I came to tea drinking later in life than most, despite coming from a family of tea drinkers – my gran in particular would feed you tea until you burst if you were too polite to tell her to stop.
Over the last few years I’ve developed a thing for loose leaf teas, culminating in my getting a tea pot – with filter – for my birthday a couple of years ago. Until I had a teapot of my own, I’d never really understood the whole tea-making-drinking as ritual thing, with steepings and timings and the rest. I had plenty of experience of the ‘tea as cure-all’ thing, though honestly even then there’s only one friend of mine who defaults to feeding me tea when I’m distressed and she makes the best tea in the world as far as I’m concerned – only from her will I always take a cuppa unquestioningly whenever offered. (Oddly enough she’s the only other person I know who owns a teapot – who owned one when we were students! – even if she makes it with tea bags and milk) But here I am as an adult, discovering the process of tea making as meditation. Of time spent in contemplation of the process, focused but unfocused, forgetting the rest of the world and its stresses and strains, to take a little time for oneself. Soothing and necessary. Time to rest and unwind, refocus on the things that matter.
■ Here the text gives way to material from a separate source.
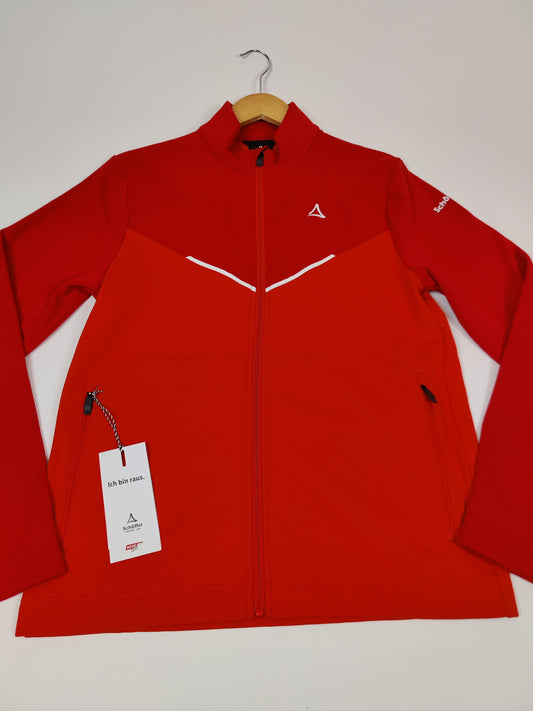 Schöffel Fleece Jacket Fellhorn M - poinciana 50 Nieuw!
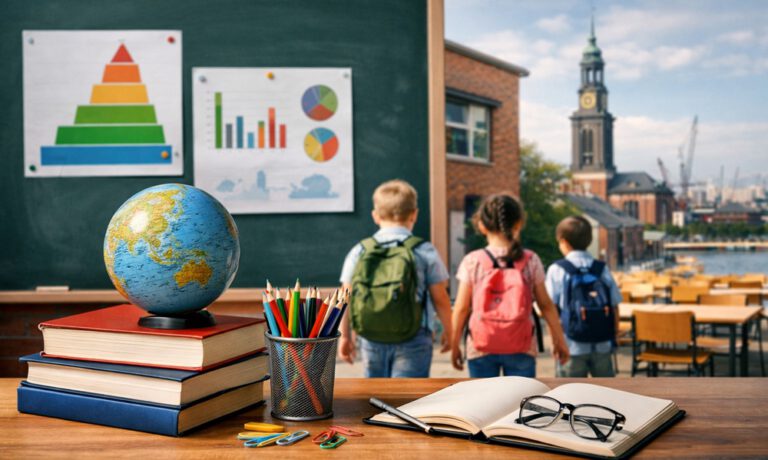 Hamburg’da okullara sosyal endeks ayarı: 54 okulun statüsü değişiyor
I’m drinking Yunnan tea today, out of a little set of mini-tins of Chinese teas I got as a present. (Proper, curling dried leaves, that look like plant when they’ve been brewing for a while, none of this dust nonsense you get some places. Leaves you could read a fortune in if you were so inclined.) It’s rather pleasant.
One of the most useful craft projects I’ve ever undertaken was to make myself a tea cosy. Years ago, I came across a book of tea cosy patterns, a delightful blend of kitsch and charming, and fully expected it to spend its life much admired and un-used. With the arrival of my own teapot, the necessity of a tea cosy became apparent. It was fine if I made a pot of tea to share, but if I was making tea just for me, by the time I went for a second cup it was cold. Also, frankly, I didn’t particularly like any of the cosies in my mum’s collection and so it was make my own or be mildly irritated every time I made a pot of tea. My tea cosy is blue. Well, actually, its turquoise cable-work with a dark blue – with sparkles – trim at the top and bottom. Largely because the turquoise was left over from another project and I feared I might run out and the dark blue is an almost perfect match for the teapot. It looks cute and quaint wrapped in its cosy, and more importantly, the cosy keeps the tea at perfect drinking temperature for me. So I can spend an afternoon working away – on college work, crafting, writing articles or just curled up with a good book – and never need to move further than to reach over and pour another cup of tea.